Instead of using the excess risks implied by the relative risk values shown in Additional File 4 Table A4.5, the excess risks were multiplied either by 0.8 or by 1.2.

Half-life of the negative exponential function

Instead of using 9.08 years, values of 4.54 or 18.16 years were used,

Transition probabilities

For each of the quitting rates and the switching rates, alternatives of half or double the rate used in the Modified Case were used. For initiation, the Modified Case rates were constrained to add to the initiation rate used in the Base Case. One set of sensitivity analyses for initiation retained this constraint, so that if one of the rates were halved or doubled, the three rates were then multiplied by a scaling factor so that their sum remained the same. The other set of sensitivity analyses, which varied only the initiation rates for exclusive ZYN use and for dual use, did not keep this constraint, but kept the initiation rate to cigarettes unchanged, so allowing study of the possibility that use of ZYN might affect overall initiation rates.
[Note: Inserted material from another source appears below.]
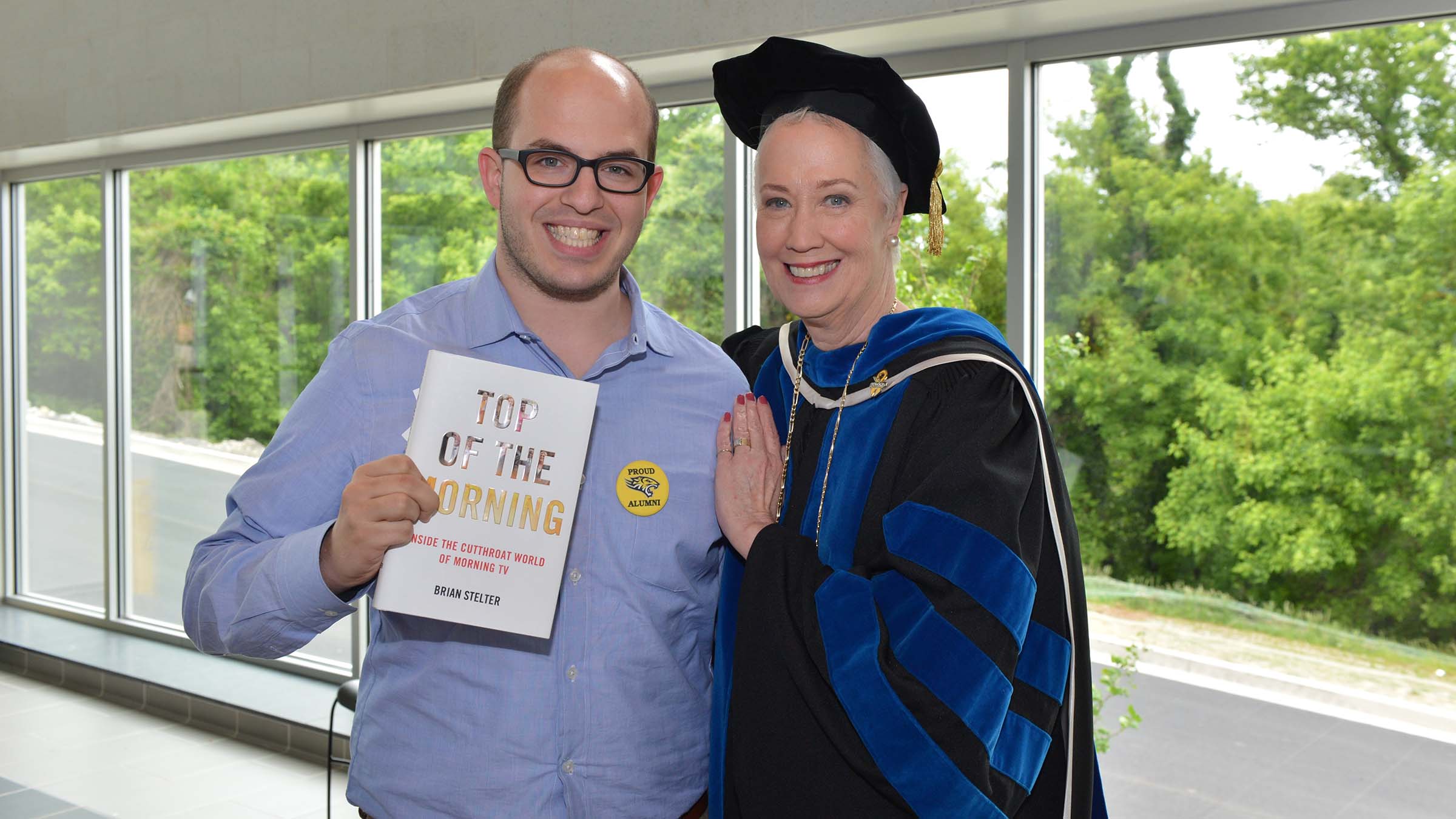 Brian Stelter and TU President Maravene Loeschke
Note that most of the sensitivity analyses only affect the Modified Case. However, the sensitivity analyses which vary the excess risks for current smoking, the half-life of the negative exponential function, or the quitting rate for cigarette smoking, affect both the Base and the Modified Case.

Each of the sensitivity analyses described above varies only one parameter at a time. A further analysis was carried out based on a Pessimistic Scenario in which 12 assumptions relating to the introduction of ZYN were varied simultaneously, each of which were found to reduce the advantage to ZYN when considered individually. Thus the excess risk for exclusive ZYN was taken to be 20% of that from smoking, and the excess risk for dual use was taken to be the sum of those for smoking and ZYN individually. Also the transition probabilities were halved for initiation rate for ZYN, quitting rates for ZYN and for dual use, and switching rates from smoking to ZYN use, from smoking to dual use, and from dual use to ZYN, while the transition probabilities were doubled for initiation rate for dual use, and switching rates from ZYN to smoking, from dual use to smoking, and from dual use to ZYN. The changes to the initiation rates described were made while keeping the overall initiation rate fixed.

Results

Table 2 shows the predicted prevalences of tobacco use in the Base Case and the Modified Case by 10 year period over the 50 year follow-up period. For the sexes combined, the prevalences of never and former cigarette smokers are very similar in the Base and Modified Cases, never smokers rising steadily from almost 50% at baseline to over 63% after 50 years, and former smokers rising slightly from about 28% at baseline to about 30% at 2020, then falling to about 27% at 2050. For the Base Case the prevalences of current cigarette smokers falls steadily from about 22% at baseline to about 10% after 50 years, while for the Modified Case the prevalence of current cigarette-only smokers declines more to about 7%, but the prevalence of ZYN users (alone or with cigarettes) increases from zero at baseline to 2.5% after 50 years.

Table 2 Predicted prevalence of tobacco use in the Base and Modified Case

At baseline, females compared to males have a smaller prevalence of former and current cigarette smokers, but by the end of follow-up these differences decline, in both the Base Case and the Modified Case. By the end of the follow-up the prevalences of current smoking (cigarettes, ZYN only, or dual) are quite similar in males and females.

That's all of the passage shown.